Copy each record exactly and skip its pictures.

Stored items
***
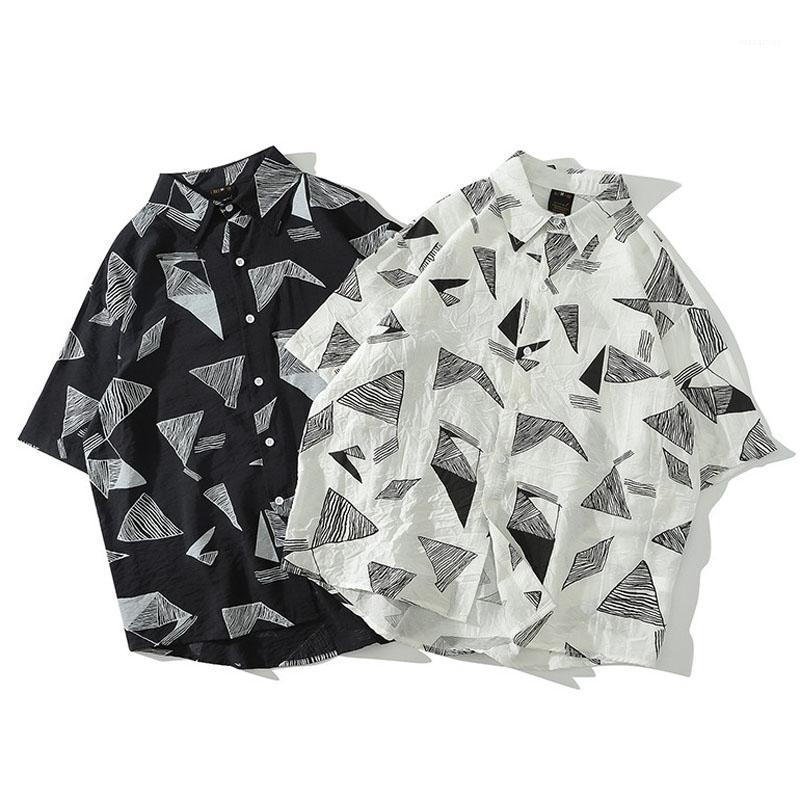 Men's Casual Shirts Men Shirt Short Sleeve Black White 2022 Arrival Summer Loose Geometric Patterns Male Thin Student Korean Style S75, 3961white
Men's Casual Shirts Men Shirt Short Sleeve Black White 2022 Arrival Summer Loose Geometric Patterns Male Thin Student Korean Style S75, 3961white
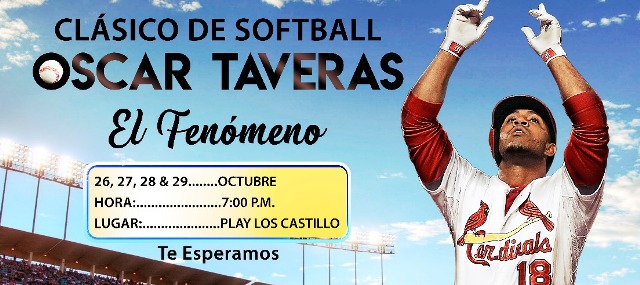 Realizarán clásico de softbol en memoria del fenecido pelotero Oscar Taveras en Sosúa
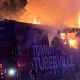 vehiculo Tuberville en llamas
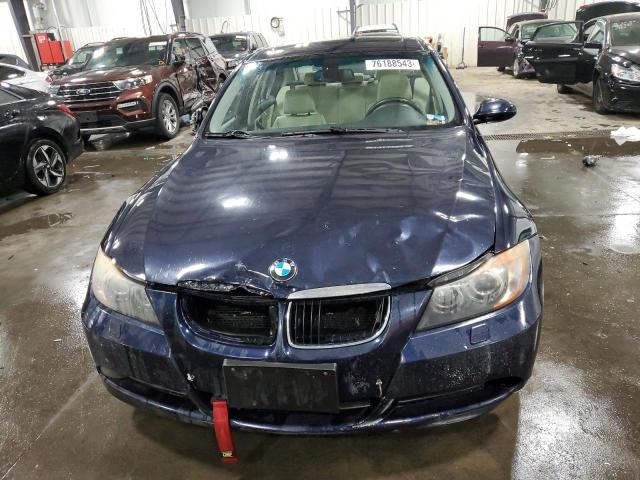 WBAVC93517K033187 - 2007 BMW 328 XI BLUE photo 5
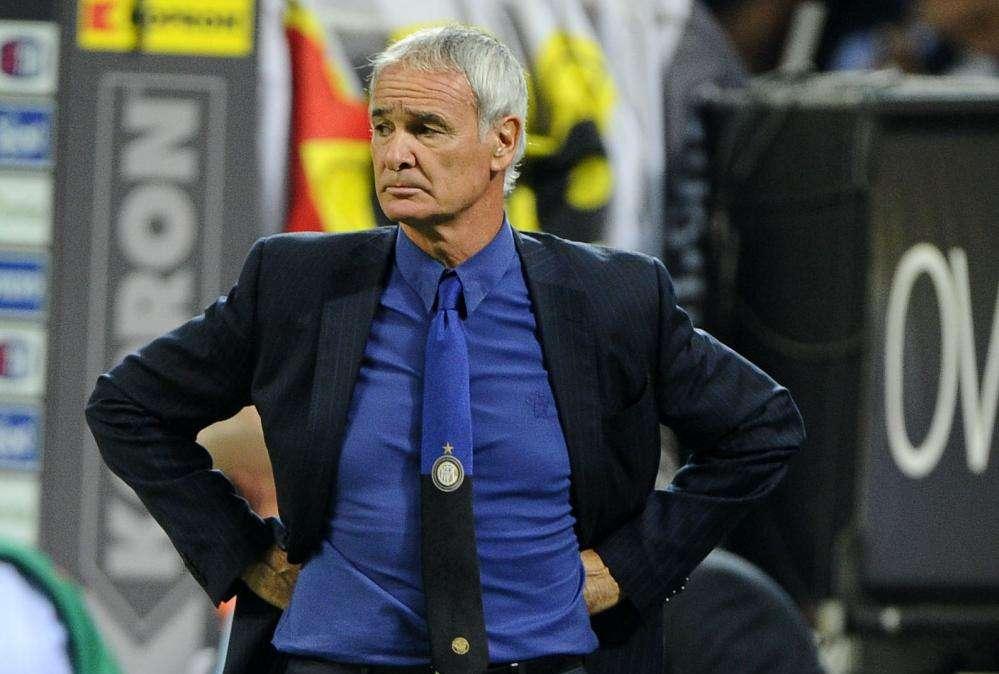 Claudio Ranieri e il portafortuna Catania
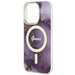 Guess GUHMP14LHTMRSU iPhone 14 Pro 6.1’’ purple/purple hardcase Golden Marble MagSafe - Cell phone cases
***
> [Result for this task]
 Men's Casual Shirts Men Shirt Short Sleeve Black White 2022 Arrival Summer Loose Geometric Patterns Male Thin Student Korean Style S75, 3961white
Men's Casual Shirts Men Shirt Short Sleeve Black White 2022 Arrival Summer Loose Geometric Patterns Male Thin Student Korean Style S75, 3961white
 Realizarán clásico de softbol en memoria del fenecido pelotero Oscar Taveras en Sosúa
 vehiculo Tuberville en llamas
 WBAVC93517K033187 - 2007 BMW 328 XI BLUE photo 5
 Claudio Ranieri e il portafortuna Catania
 Guess GUHMP14LHTMRSU iPhone 14 Pro 6.1’’ purple/purple hardcase Golden Marble MagSafe - Cell phone cases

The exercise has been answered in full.